Since I have no trail stories to tell right now, I thought I’d regale you all with a tale of my House Husky. As many of you know, I tried to move Grover into the house this summer, but he would have none of it. After peeing on the couch, he’d paw at the sliding door and stare out at the dog yard until I relented and let him back outside. A few weeks after that, we had a temporary shortage of kennel space, so I let Kara into the house to free up a kennel. She had none of Grover’s issues with living in the house and, let’s face it, I’ve created one excuse after another since to keep her inside.

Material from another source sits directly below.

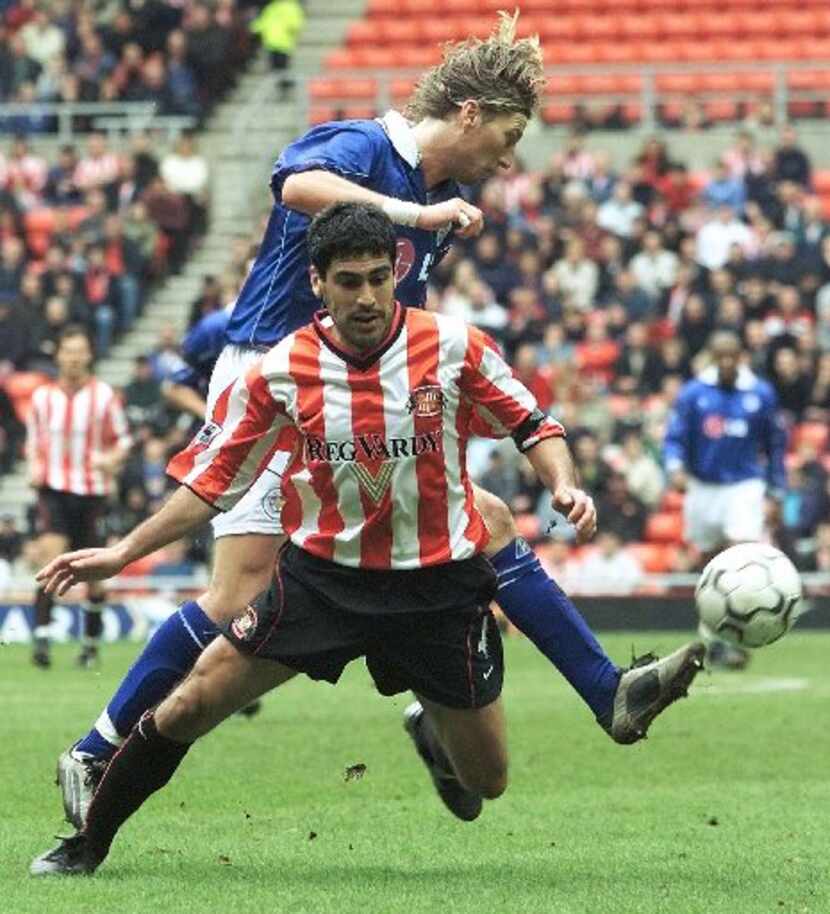 ORG XMIT: S0385181856_WIRE Sunderland's Claudio Reyna, front, is fouled by Leicester City's...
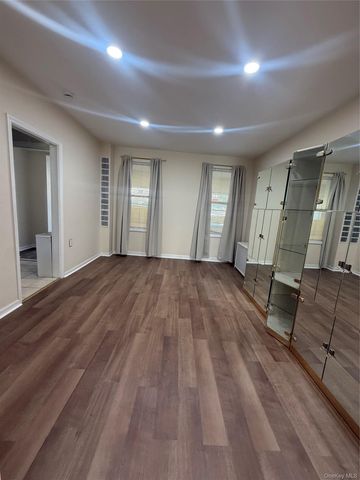 868 Morris Park Avenue, Bronx, NY 10462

Mark’s been muttering that I am ruining her as a sled dog and that I’ll be at the bottom of King Solomon’s Dome this year wishing I hadn’t spoiled her so, but heck, I enjoy her company – and honestly, she is having a great season so far. We worked out a deal (Kara and I, that is) – if she continues to put in good runs and eats well at the end of her runs, she is welcome to live in the house until we go up to Alaska. With the exception of one night she spent in the kennel after she threw a temper tantrum outside the Perryvale Store (she wanted to head home, I didn’t), she’s been great. She’s actually been doing better then ever as a leader!

She is virtually the perfect housedog too - she’s very calm (especially now that we are in the middle of training), she destroys nothing, she never has accidents in the house (well, there was that one time, but that was a STATEMENT after I banished her to the house when she was being a pest as Veronica was doing adjustments on the team), she doesn’t beg, she’s quiet (at least now that she got over the need to join in with group howls)… she’s just very enjoyable to live with. She can be trusted to just be let outside without supervision - she does her business, visits her pups and comes running when she is called. In fact, she comes with such enthusiasm that often she miscalculates her approach to the door and skids right off the deck.

She just hangs about while we feed, never pestering the other dogs or wandering off. I got quite the kick out of her a few weeks ago. As I was walking through the yard giving the main string breakfast, she just kept ‘appearing’ on top of every 3rd or 4th doghouse. She was like the Clint Eastwood of the dog yard – I never saw her coming or going, I’d just get to the doghouse and find her sitting quietly on top of it staring at me. After about the 4th appearance it occurred to me that I had forgotten to feed her first, as I normally do. Quite the character, she is!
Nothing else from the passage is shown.